Wacana Siswa Nakal di Jabar ‘Disekolahkan’ di Barak

Posted on

Sebuah wacana baru telah dilontarkan Gubernur Jawa Barat (Jabar) Dedi Mulyadi. Ia menginginkan supaya siswa yang sulit dibina atau terindikasi terlibat dalam pergaulan bebas maupun tindakan kriminal supaya diberi pendidikan karakter yang melibatkan unsur TNI-Polri.

Wacana ini sepertinya diinginkan Dedi Mulyadi untuk merespons sejumlah kasus kenakalan remaja di Jabar. Bahkan ia mewacanakan program pendidikan karakter itu akan mulai digulirkan pada 2 Mei 2025 di beberapa wilayah di Jawa Barat.

“Tidak harus langsung di 27 kabupaten/kota. Kita mulai dari daerah yang siap dan dianggap rawan terlebih dahulu, lalu bertahap,” ujar Dedi, Selasa (29/4/2025).

Nantinya, disiapkan puluhan barak khusus untuk siswa yang mengikuti program pendidikan karakter. Adapun siswa yang akan mengikuti program ini, dipilih berdasarkan kesepakatan antara sekolah dan orang tua.

“Selama enam bulan siswa akan dibina di barak dan tidak mengikuti sekolah formal. TNI yang akan menjemput langsung siswa ke rumah untuk dibina karakter dan perilakunya,” jelasnya.

Wacana ini lantas mendapat respons beragam. Salah satu dari anggota Komisi V sekaligus Ketua Fraksi PPP DPRD Jabar, Zaini Shofari yangn menyarankan supaya pembinaan anak pertama kali mesti dilakukan dengan memastikan ketahanan keluarga.

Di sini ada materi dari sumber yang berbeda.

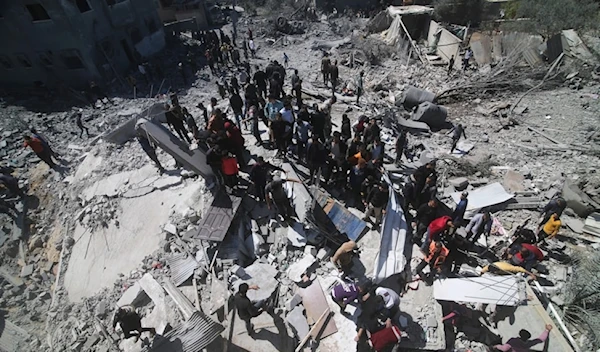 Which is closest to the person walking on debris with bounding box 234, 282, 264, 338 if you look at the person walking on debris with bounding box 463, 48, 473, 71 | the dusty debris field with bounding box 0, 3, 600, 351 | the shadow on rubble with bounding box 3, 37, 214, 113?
the dusty debris field with bounding box 0, 3, 600, 351

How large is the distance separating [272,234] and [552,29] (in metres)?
16.9

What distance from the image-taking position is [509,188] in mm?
8156

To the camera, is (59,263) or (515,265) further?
(59,263)

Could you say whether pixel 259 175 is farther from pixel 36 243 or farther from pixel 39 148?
pixel 39 148

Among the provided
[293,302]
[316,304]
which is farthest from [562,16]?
[293,302]

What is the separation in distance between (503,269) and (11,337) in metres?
11.0

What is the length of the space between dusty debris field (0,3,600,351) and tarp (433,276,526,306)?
3.14 ft

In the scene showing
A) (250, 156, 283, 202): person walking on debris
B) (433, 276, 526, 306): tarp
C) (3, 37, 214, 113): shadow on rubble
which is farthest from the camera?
(3, 37, 214, 113): shadow on rubble

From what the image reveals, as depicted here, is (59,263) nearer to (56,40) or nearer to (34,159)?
(34,159)

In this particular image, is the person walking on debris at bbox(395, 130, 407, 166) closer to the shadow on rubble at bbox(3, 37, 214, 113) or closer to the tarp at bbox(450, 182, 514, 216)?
the tarp at bbox(450, 182, 514, 216)

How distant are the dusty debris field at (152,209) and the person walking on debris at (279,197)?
0.45 meters

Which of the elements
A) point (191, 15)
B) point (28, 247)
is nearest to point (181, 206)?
point (28, 247)

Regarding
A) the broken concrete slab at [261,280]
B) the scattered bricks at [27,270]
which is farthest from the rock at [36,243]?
the broken concrete slab at [261,280]

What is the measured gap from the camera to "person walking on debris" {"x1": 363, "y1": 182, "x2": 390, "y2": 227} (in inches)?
255
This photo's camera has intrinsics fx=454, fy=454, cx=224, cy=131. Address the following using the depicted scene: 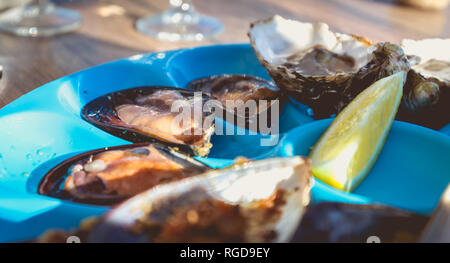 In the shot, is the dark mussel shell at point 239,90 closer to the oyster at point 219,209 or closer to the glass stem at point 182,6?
the oyster at point 219,209

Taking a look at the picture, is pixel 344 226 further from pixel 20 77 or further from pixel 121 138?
pixel 20 77

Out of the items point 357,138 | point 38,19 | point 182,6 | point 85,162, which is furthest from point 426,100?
point 38,19

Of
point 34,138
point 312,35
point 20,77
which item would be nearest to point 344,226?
point 34,138

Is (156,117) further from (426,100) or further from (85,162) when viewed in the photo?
(426,100)

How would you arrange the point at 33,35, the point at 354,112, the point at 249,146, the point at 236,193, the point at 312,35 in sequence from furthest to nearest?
the point at 33,35 → the point at 312,35 → the point at 249,146 → the point at 354,112 → the point at 236,193

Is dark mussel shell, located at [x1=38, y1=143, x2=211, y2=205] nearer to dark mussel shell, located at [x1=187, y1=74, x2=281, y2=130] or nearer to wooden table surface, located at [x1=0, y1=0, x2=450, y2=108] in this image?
dark mussel shell, located at [x1=187, y1=74, x2=281, y2=130]

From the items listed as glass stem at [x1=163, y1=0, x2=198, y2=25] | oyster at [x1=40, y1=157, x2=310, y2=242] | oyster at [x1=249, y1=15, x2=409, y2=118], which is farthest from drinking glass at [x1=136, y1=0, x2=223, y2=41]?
oyster at [x1=40, y1=157, x2=310, y2=242] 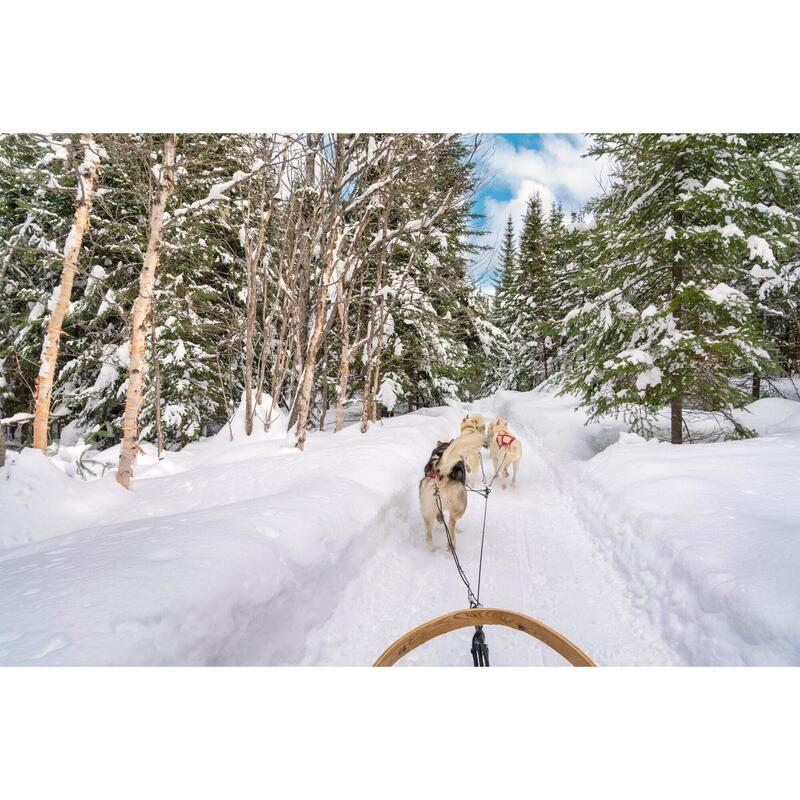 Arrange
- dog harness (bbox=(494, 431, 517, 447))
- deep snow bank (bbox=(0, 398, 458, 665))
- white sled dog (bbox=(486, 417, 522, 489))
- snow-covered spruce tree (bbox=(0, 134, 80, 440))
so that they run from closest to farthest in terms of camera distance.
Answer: deep snow bank (bbox=(0, 398, 458, 665)) → snow-covered spruce tree (bbox=(0, 134, 80, 440)) → white sled dog (bbox=(486, 417, 522, 489)) → dog harness (bbox=(494, 431, 517, 447))

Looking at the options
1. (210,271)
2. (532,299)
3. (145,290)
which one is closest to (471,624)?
(145,290)

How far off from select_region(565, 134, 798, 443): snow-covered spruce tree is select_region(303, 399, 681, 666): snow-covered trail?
338 cm

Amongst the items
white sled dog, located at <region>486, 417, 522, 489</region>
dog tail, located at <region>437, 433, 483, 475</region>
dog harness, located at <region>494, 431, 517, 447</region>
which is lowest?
white sled dog, located at <region>486, 417, 522, 489</region>

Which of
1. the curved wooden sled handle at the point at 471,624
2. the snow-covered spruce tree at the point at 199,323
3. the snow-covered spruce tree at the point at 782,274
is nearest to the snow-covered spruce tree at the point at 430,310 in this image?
the snow-covered spruce tree at the point at 199,323

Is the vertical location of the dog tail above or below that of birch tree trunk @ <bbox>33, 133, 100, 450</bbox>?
below

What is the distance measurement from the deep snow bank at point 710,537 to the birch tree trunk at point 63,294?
6198mm

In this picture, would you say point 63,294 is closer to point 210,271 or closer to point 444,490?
point 210,271

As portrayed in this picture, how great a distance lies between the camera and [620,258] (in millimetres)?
6293

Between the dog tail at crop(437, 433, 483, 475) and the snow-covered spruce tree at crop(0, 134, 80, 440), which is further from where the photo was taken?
the snow-covered spruce tree at crop(0, 134, 80, 440)

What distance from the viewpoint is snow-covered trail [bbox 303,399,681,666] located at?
2.00 meters

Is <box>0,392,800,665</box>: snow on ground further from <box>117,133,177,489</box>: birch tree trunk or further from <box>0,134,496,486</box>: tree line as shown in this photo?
<box>0,134,496,486</box>: tree line

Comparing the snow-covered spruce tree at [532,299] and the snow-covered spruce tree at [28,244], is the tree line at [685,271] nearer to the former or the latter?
the snow-covered spruce tree at [28,244]

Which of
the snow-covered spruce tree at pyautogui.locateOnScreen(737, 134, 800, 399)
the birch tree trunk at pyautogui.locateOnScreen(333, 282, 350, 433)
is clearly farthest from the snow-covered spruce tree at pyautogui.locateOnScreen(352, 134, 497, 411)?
the snow-covered spruce tree at pyautogui.locateOnScreen(737, 134, 800, 399) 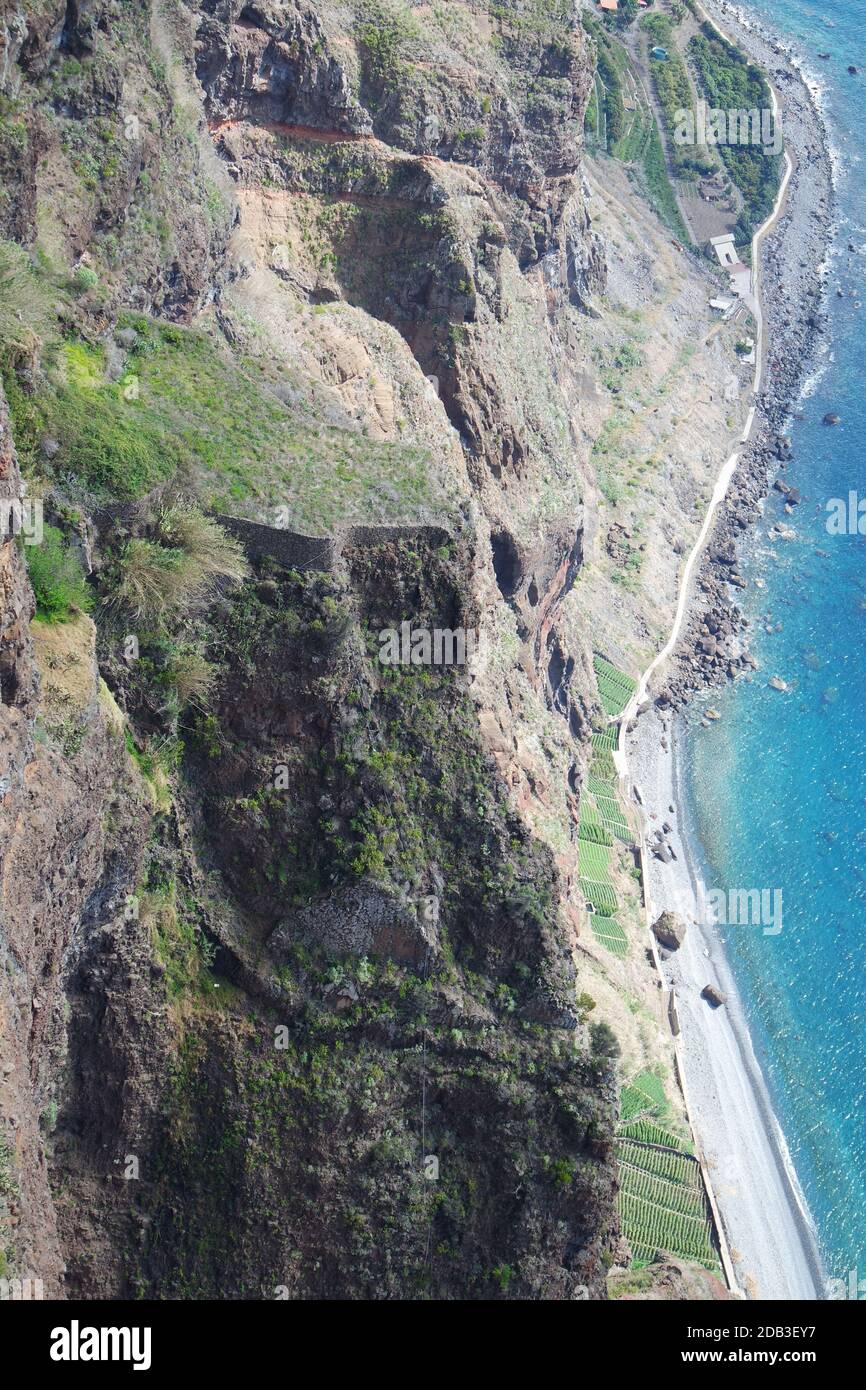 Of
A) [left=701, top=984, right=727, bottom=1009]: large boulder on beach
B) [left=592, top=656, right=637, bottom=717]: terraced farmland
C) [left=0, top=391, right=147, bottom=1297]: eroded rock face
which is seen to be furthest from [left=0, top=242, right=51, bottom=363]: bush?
[left=701, top=984, right=727, bottom=1009]: large boulder on beach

“Saya punya saran ketika ada anak sulit dibina itu harus dipastikan dulu ketahanan keluarganya. Alih-alih kita membina anak-anak, ternyata keluarganya juga memang sulit artinya tidak bisa dikendalikan dan akan terus bermunculan masalah itu,” ucap Zaini saat dihubungi.

“Misal remaja broken home, akhirnya dia bikin karakternya sendiri. Maka kuncinya adalah keluarga jadi hal yang terpenting , artinya menyasar keluarga dengan melakukan pembinaan, pengajaran itu jadi salah satu kunci. Termasuk soal moralitas dan pendidikan keagamaan,” lanjutnya.

Menurutnya, pembinaan terhadap siswa seharusnya bisa dilakukan dengan mengoptimalkan fungsi guru bimbingan dan konseling (BK) di sekolah. Guru BK kata dia bisa lebih aktif untuk mengawasi kondisi psikologis siswa agar tidak melakukan hal-hal negatif.

“Kan di sekolah ada guru BK, kenapa tidak dioptimalkan. Jadi tidak sekedar konseling, harus bersinergi dengan murid orang tua dan guru. Jadi penguatan sekolah, keluarga menjadi penting,” tegasnya.

Zaini setuju jika keterlibatan TNI-Polri dapat meningkatkan kedisiplinan seseorang. Namun menurutnya, kedisiplinan seharusnya bisa dibentuk dari rumah tanpa harus mengikuti kegiatan yang seakan wajib militer.

“Saya setuju pada wilayah kedisiplinan di TNI Polri, tapi pada wilayah karakter saya tidak setuju. Kalau kedisiplinan juga bisa dibangun dari rumah, banyak orang disiplin tapi tidak pernah mendapat pendidikan dari TNI Polri,” ujarnya.

Seharusnya menurut Zaini, Dedi Mulyadi bisa merujuk kebiasaan yang ada di lingkungan pesantren untuk membentuk karakter siswa. Di pesantren juga kata dia, siswa selain menjadi disiplin, bisa mendapat ilmu agama yang jadi tuntunan untuk kehidupan sehari-hari.

“Model seperti itu bisa jadi rujukan, cara pesantren menangani santrinya. Artinya kesempatan untuk mendekatkan diri dengan sang khalik, dia (siswa) akan menghindari hal negatif,” ungkapnya.

Sehingga menurut Zaini, program melibatkan TNI Polri untuk pendidikan karakter siswa di Jabar dianggap tidak tepat. Menurutnya pemerintah seharusnya bisa hadir memfasilitasi segala kebutuhan masyarakat, termasuk anak muda dalam menyalurkan minat dan bakatnya.

Dia mengambil contoh, siswa yang kerap melakukan balap liar cenderung memiliki ketertarikan pada dunia otomotif, begitupun dengan siswa yang sering melakukan tawuran. Sehingga Zaini berpendapat, seharusnya disediakan fasilitas bagi siswa untuk menyalurkan minatnya.

“Iya jadi kalau dijadikan satu-satunya cara untuk anak itu saya kurang setuju. Misal anak suka motor, dia memang sukanya begitu. Sekarang di 27 Kabupaten kota ada gak fasilitas untuk anak-anak itu melampiaskan hobinya, bakatnya, seperti ruang publik untuk meningkatkan interaksi sosial,” ungkapnya.

“Kemudian contoh tawuran, kenapa gak disiapkan di tiap desa, kecamatan tempat sarana olahraga, salah satunya tinju misalnya. Jadi terlampiaskan yang punya bakat bela diri dan ada aktivitas. Artinya hasrat olahraga dapat, aturan dipakai, gak lagi pakai senjata tajam dan tidak mencederai,” tutup Zaini.